1855 Lockeway Dr. Suite 501 Alpharetta, GA 30004 678-393-2651 Fax 678-393-2657

FOR IMMEDIATE RELEASE

Cellu Tissue Holdings, Inc. Files Registration Statement for Proposed Initial Public

Offering of Common Stock

Alpharetta, GA – October 16, 2009—Cellu Tissue Holdings, Inc. (“Cellu Tissue”) today announced that it has filed a registration statement on Form S-1 with the U.S. Securities and Exchange Commission (the “SEC”) relating to a proposed initial public offering of shares of its common stock. The offered shares will include shares to be sold by Cellu Tissue and shares to be sold by stockholders of the company. The total number of shares to be offered, the allocation of shares to be sold as between Cellu Tissue and stockholders and the price range for the offering have not yet been determined. Cellu Tissue intends to use the net proceeds it receives from the offering to pay down certain indebtedness, including, but not limited to, potentially redeeming or repurchasing a portion of its outstanding senior secured notes, and the remaining net proceeds, if any, for general corporate purposes. Cellu Tissue will not receive any of the proceeds from the sale of shares by the selling stockholders.

Cellu Tissue intends to apply to list the common stock on the New York Stock Exchange under the ticker symbol “CLU.”

Goldman, Sachs & Co. and J.P. Morgan Securities Inc. will act as joint book running managers for the offering. The offering will only be made by means of a prospectus. A copy of the preliminary prospectus, when available, may be obtained by contacting either Goldman, Sachs & Co., at 85 Broad Street, New York, NY 10004, Attention: Prospectus Department, by telephone at 1-866-471-2526 or by emailing Prospectus-ny@ny.email.gs.com, or J.P. Morgan Securities Inc. at National Statement Processing, Prospectus Library, 4 Chase Metrotech Center, CS Level, Brooklyn, New York, NY, 11245, or by telephone at 718-242-8002.

A registration statement relating to these securities has been filed with the SEC but has not yet become effective.
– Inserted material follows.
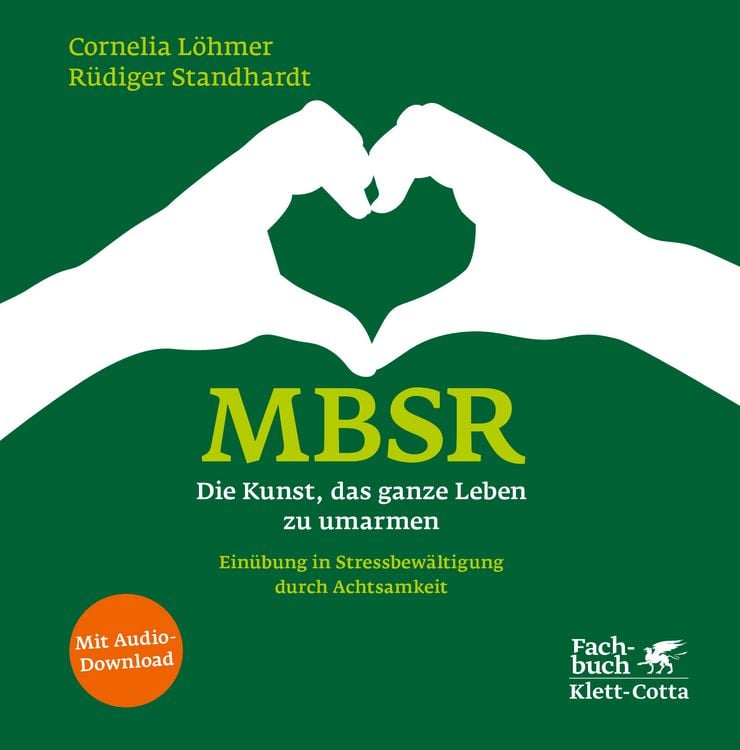 Produktbild: MBSR - Die Kunst, das ganze Leben zu umarmen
These securities may not be sold nor may offers to buy be accepted prior to the time the registration statement becomes effective.

This press release shall not constitute an offer to sell or the solicitation of an offer to buy, nor shall there be any sale of these securities in any state or jurisdiction in which the offer, solicitation or sale of securities would be unlawful prior to their registration and qualification under the securities laws of any such state or jurisdiction.